SINOPSIS

Peraturan perundang-undangan di Indonesia merupakan implementasi dari Negara hukum yang mempunyai kedudukan penting dan strategis terutama undang-undang. Hal ini dapat dilihat dari konsep Negara hokum maupun hierarki peraturan perundang-undangan, akan tetapi jenis hierarki peraturan perundang-undangan yang diatur Undang-Undang Nomor 12 Tahun 2011 belum dapat memberikan kepastian hokum dalam pembentukan dan pelaksanaanya.

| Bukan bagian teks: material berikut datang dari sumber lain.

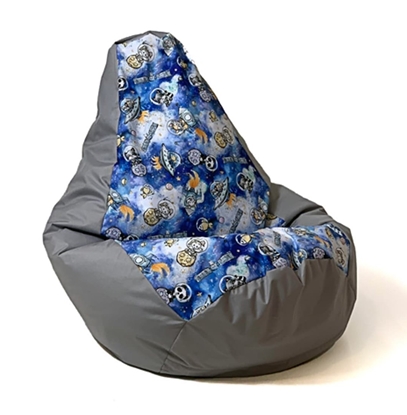 Picture of Sako sack pouffe pear print grey spaceships L 105 x 80 cm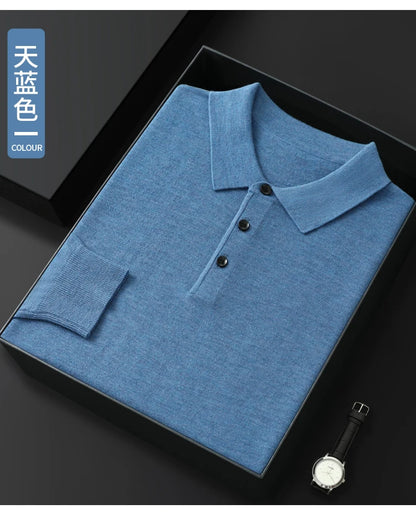 Spring Autumn Men Shirt  Merino Worsted Wool Knitted Pullover Long Sleeve Polo-Collar Clothing Tops Smart Casual Thin Outerwears
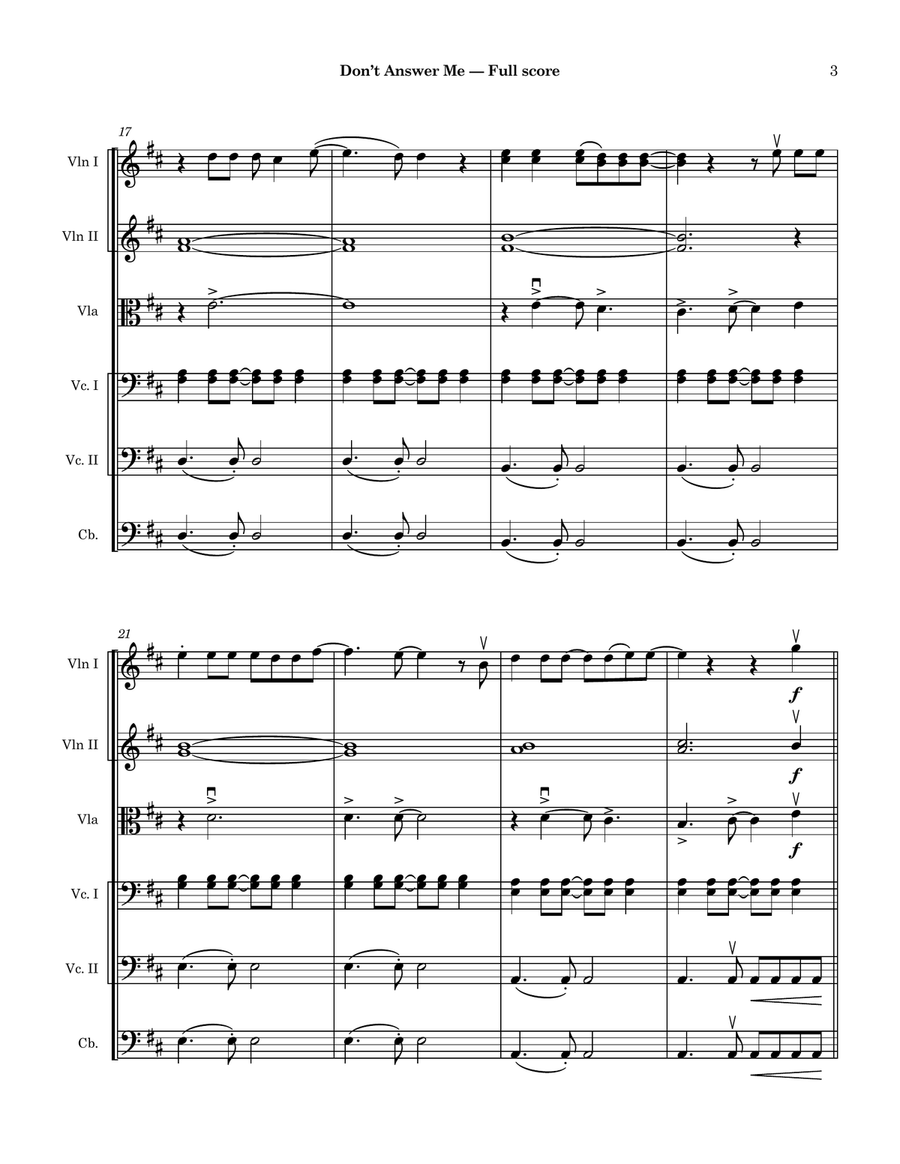 Don't Answer Me String Orchestra scores gallery preview page 3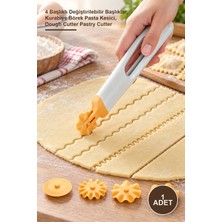 Yenilig 1 Adet Hamur Kesici – 4 Başlıklı Değiştirilebilir Başlıklar, Kurabiye Börek Pasta Kesici, Dough Cutter Pastry Cutter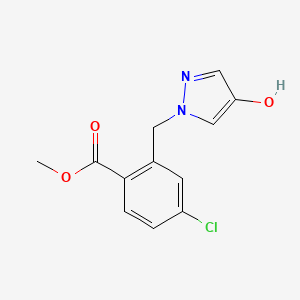 molecular formula C12H11ClN2O3 B8130772 4-Chloro-2-(4-hydroxypyrazol-1-ylmethyl)-benzoic acid methyl ester 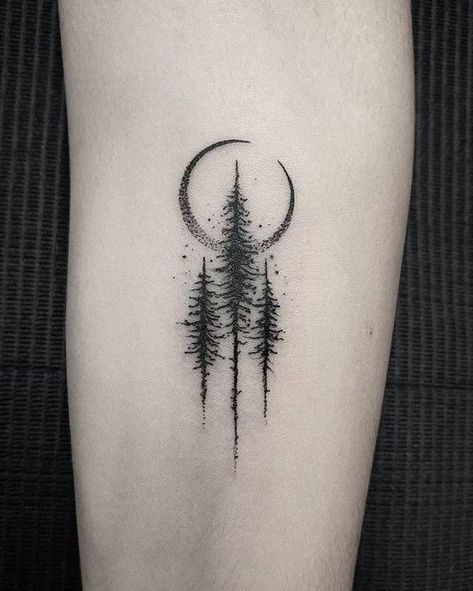 Small Nature Tattoo, Pine Tattoo, Pine Tree Tattoo, Forest Tattoos, Tree Tattoo Designs, Inspiration Tattoos, Different Tattoos, E Tattoo, Tattoo Trends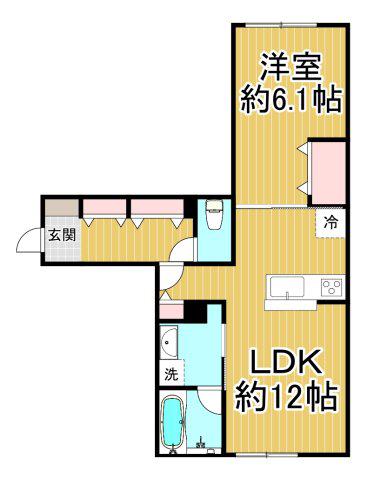 YS COURT 2(1LDK/1階)の間取り写真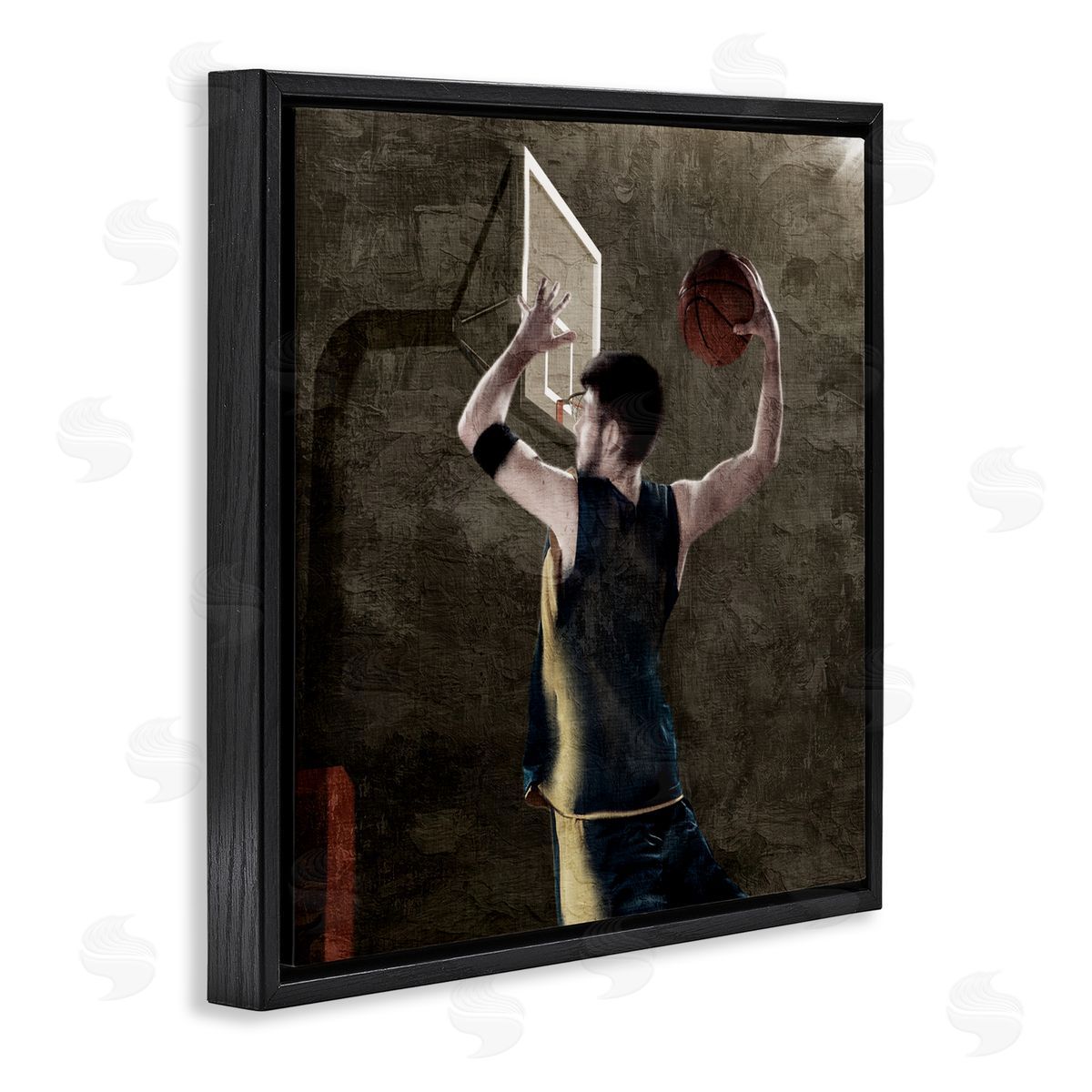 Kim Allen Basketball Dunk In Action Black Floating Frame Canvas Wall Art Print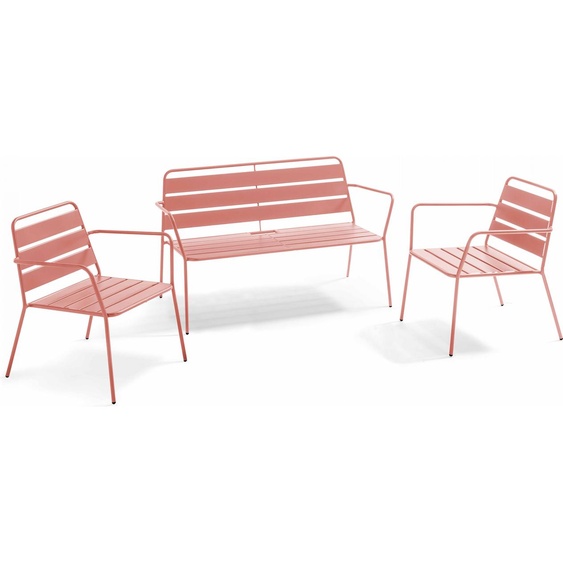 Salon de jardin 4 places en métal argile - Oviala Palavas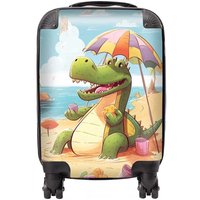 Warren Reed - Designer A Crocodile On A Beach Holiday Suitcase in Yellow | Size: Large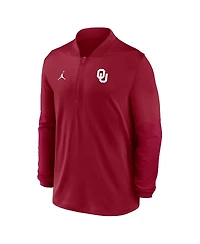 Jordan Men's Crimson Oklahoma Sooners Sideline Dri-fit Half-Zip Pullover Hoodie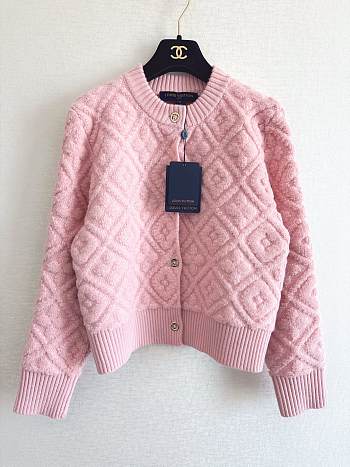 Colestore Louis Vuitton Diamond-Pattern Textured Knit Cardigan in Pink
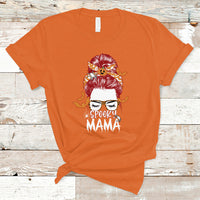 Halloween T Shirt Spooky Mama Halloween Ghost Witchy Spooky Mom Messy Bun T-Shirt for Mom Women, Shirt for Halloween lovers, Spooky Season - Wonder Print Shop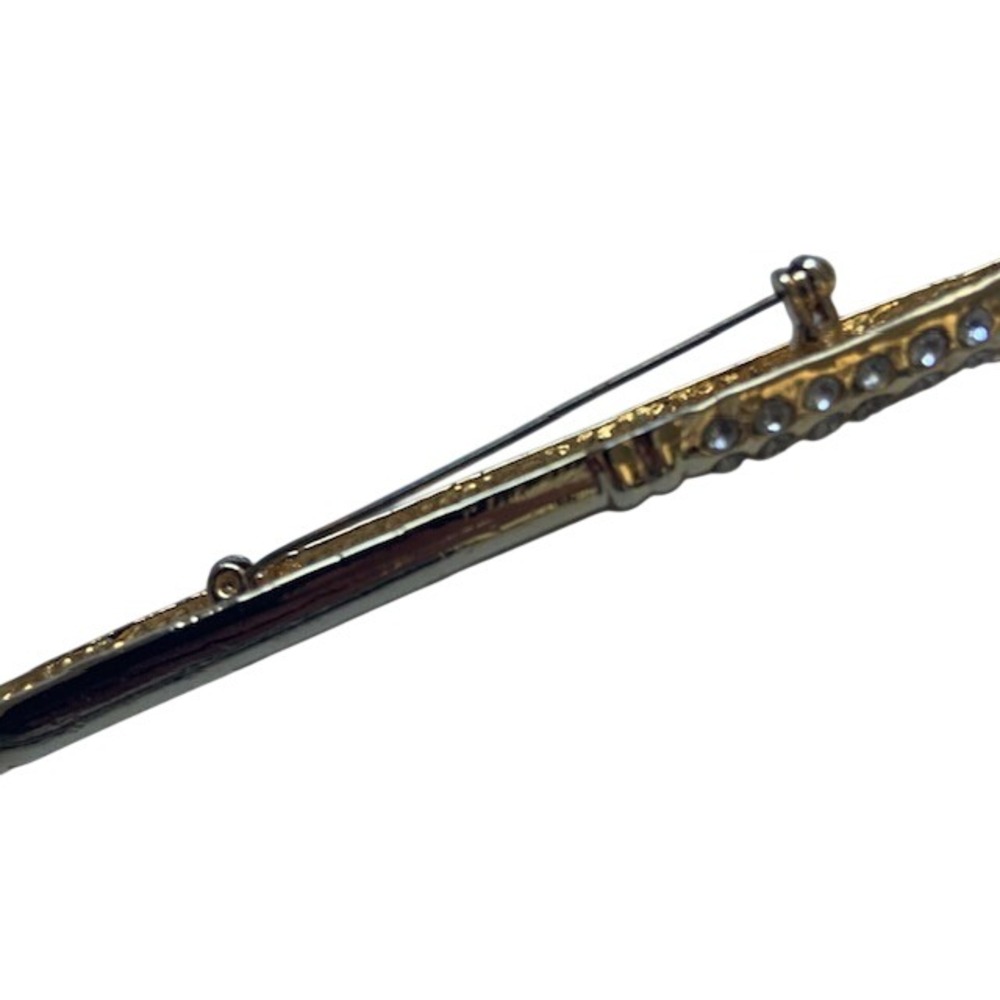 Gold Tone Fountain Pen Brooch Rhinestone Teacher Writer Lapel Pin 4.5" Boss Lady - Picture 3 of 6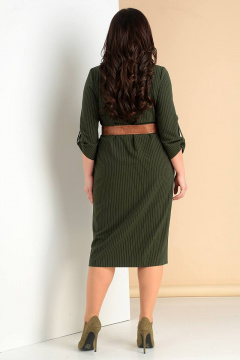 Зеленое демисезонное платье длиной 115 см с длинным рукавом Liona Style 684 хаки - фото 3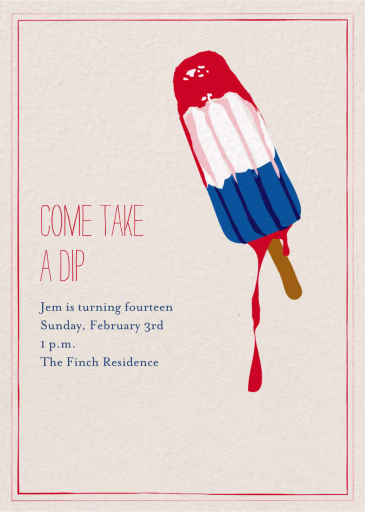 Melting Rocket Ship - Pool Party Invitation by Mr. Boddington's Studio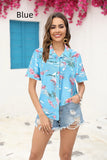 WRINKLED SHORT SLEEVE PLEATED LAPEL PRINTED SHIRT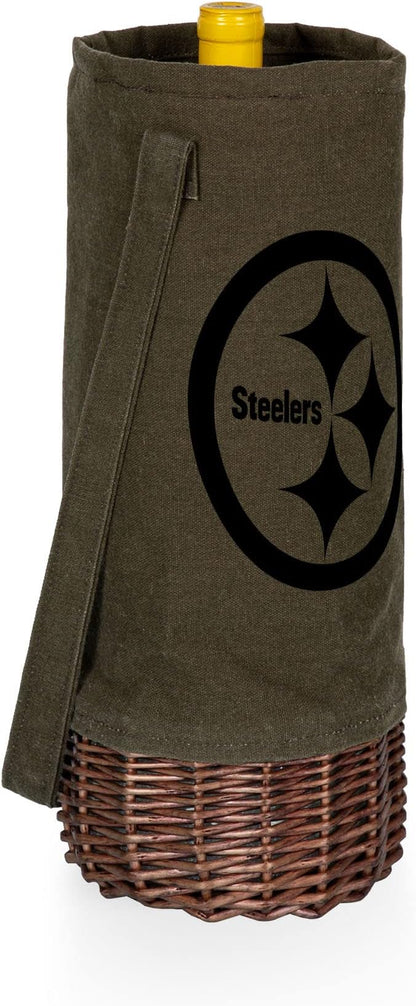 PICNIC TIME NFL Unisex-Adult NFL Malbec Insulated Canvas and Willow Wine Bottle Basket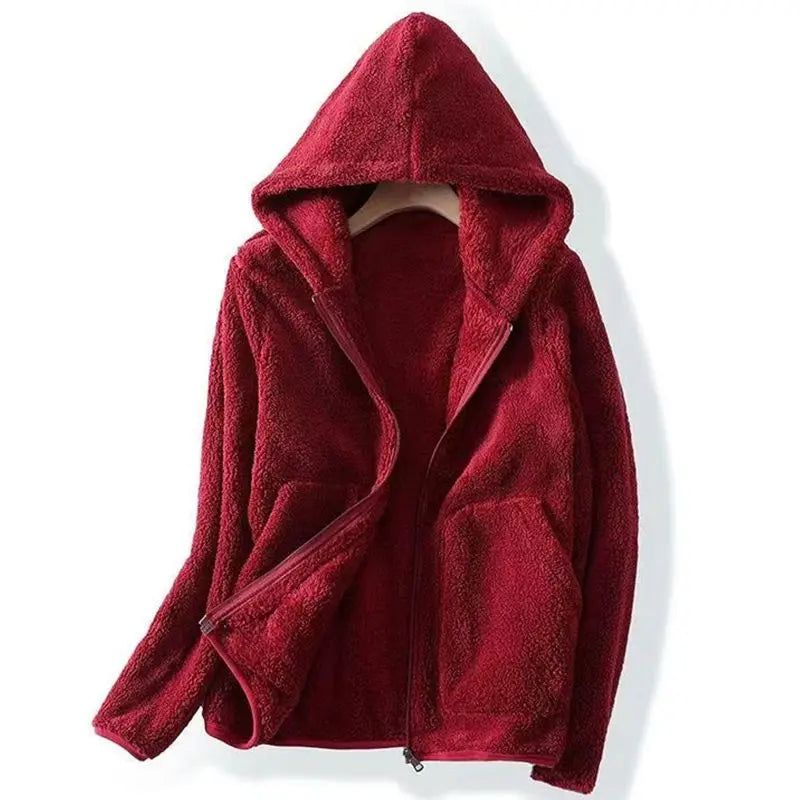 Women's cozy hooded zip jacket in neutral tone, relaxed everyday fit with front zipper closure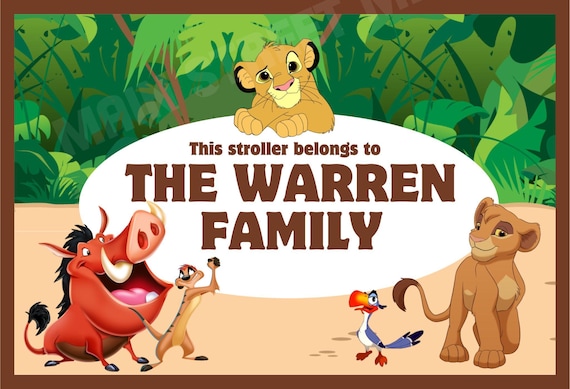 Stroller Tag - {INSTANT DIGITAL DOWNLOAD} Custom, Personalized, Disney Lion King Vacation Tag for your stroller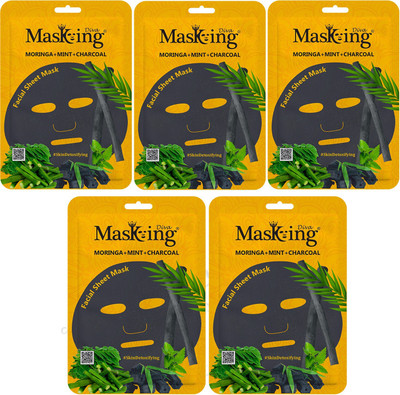 MasKing Diva Moringa, Mint & Charcoal Facial Sheet Mask Pack Of 5(125 ml)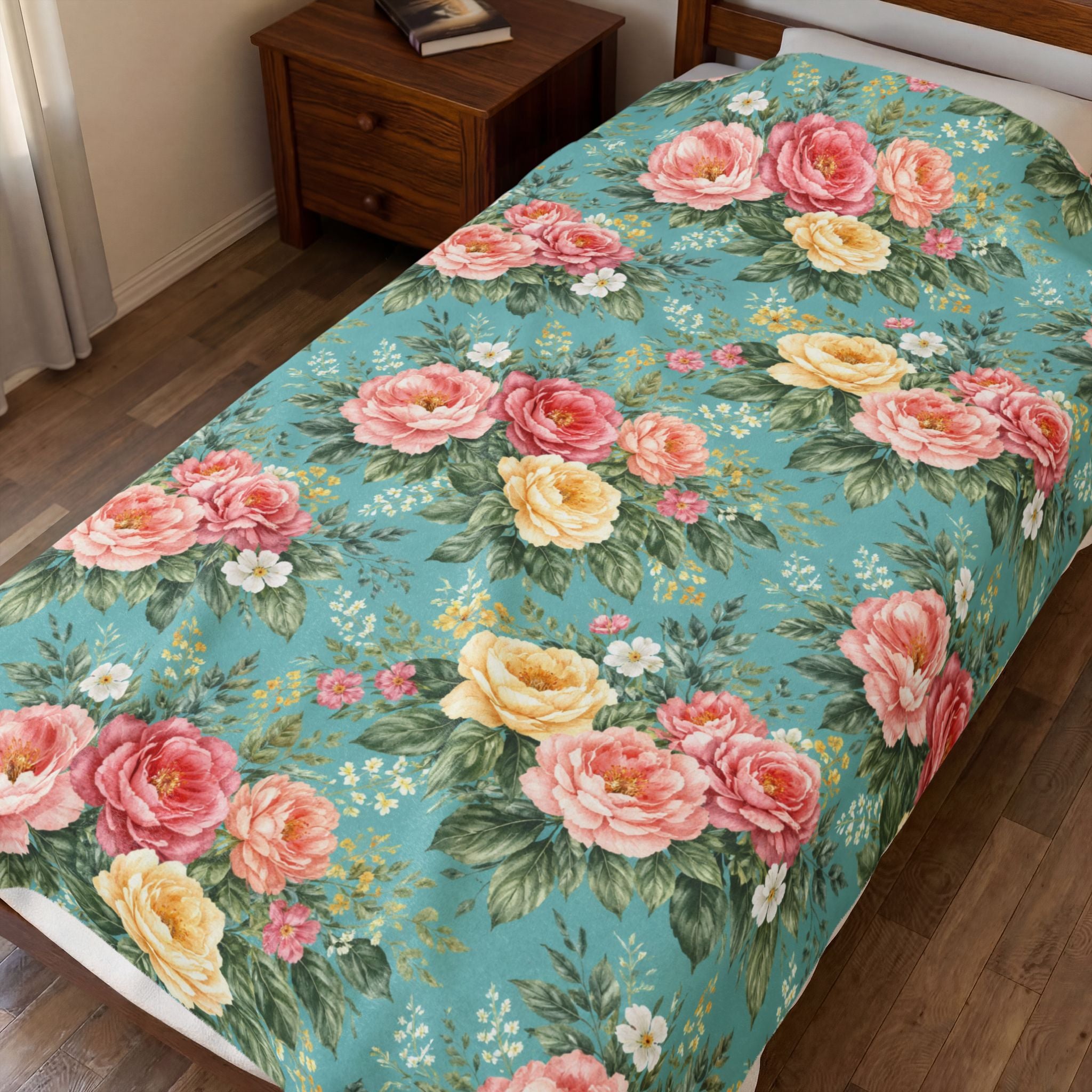 Floral Lagoon Roses Velveteen Plush Blanket | Cozy Luxury Throw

Tujuan dari penulisan buku ini adalah untuk menganalisis dan mengkaji tentang pelaksanaan hierarki peraturan perundang-undangan menurut Undang-Undang Nomor 12 Tahun 2011 dan kelemahan-kelemahan hierarki peraturan perundang-undangan saat ini, serta merekonstruksi hierarki peraturan perundang-undangan dalam Undang-Undang Nomor 12 Tahun 2011 berbasis nilai keadilan Pancasila.

Pengkajian dalam buku ini menggunakan paradigm konstruktivisme. Metode pendekatan yang digunakan adalah yuridis sosiologis, dengan spesifikasi penelitian bersifat deskriptif analisis. Data yang digunakan adalah data primer dan data sekunder, yang kemudian dianalisa secara kualitatif.

Dari pengamatan penulis hasil tersebut menunjukkan bahwa : (1) Pelaksanaan hierarki peraturan perundang-undangan menurut Undang-Undang 12/2011 di Indonesia saat ini masih menimbulkan problematika dalam hal implementasi, kekuatan mengikat dan pengujiannya; (2) Kelemahan hierarki peraturan perundang-undangan saat ini dari segi : (a) substansi hukum : (i) tidak diaturnya system hierarki peraturan perundang-undangan dalam konstitusi, (ii) Perda provinsi lebih tinggi dari pada Perda kabupaten/kota; (iii) Undang-Undang 12/2011 tidak menghormati kesatuan hukum masyarakat atau desa, (iv) inkonsistensi Ketetapan MPR dengan system ketatanegaraan, (v) tidak terdapat peraturan menteri, (vi) perbenturan dan ketidakharmonisan peraturan, serta (vii) over/obesitas regulasi dan tumpang tindih regulasi; (b) struktur hukum : (i) hilangnya kewenangan MPR untuk membentuk Ketetapan-ketetapan MPR yang bersifat mengatur ke luar, (ii) pembentukan peraturan administrasi oleh pihak eksekutif dan lembaga Negara independen, (iii) menteri tidak berwenang membuat peraturan, (iv) tidak ada lembaga pengontrol, serta (v) dualism pengujian peraturan perundang-undangan oleh MK dan MA; (c) kultur hukum : (i) ego sektoral lembaga, dan (ii) sikap pembentuk peraturan perundang-undangan yang mempersulit penyusunan regulasi; (3) Rekonstruksi hierarki peraturan perundang-undangan menurut Undang-Undang Nomor 12 Tahun 2011 berbasis nilai keadilan Pancasila adalah dengan memasukkan hierarki peraturan perundang-undangan ke dalam konstitusi dan memasukkan Pancasila dalam kedudukannya sebagai sumber segala sumber hukum pada hierarki peraturan perundang-undangan pada posisi tertinggi.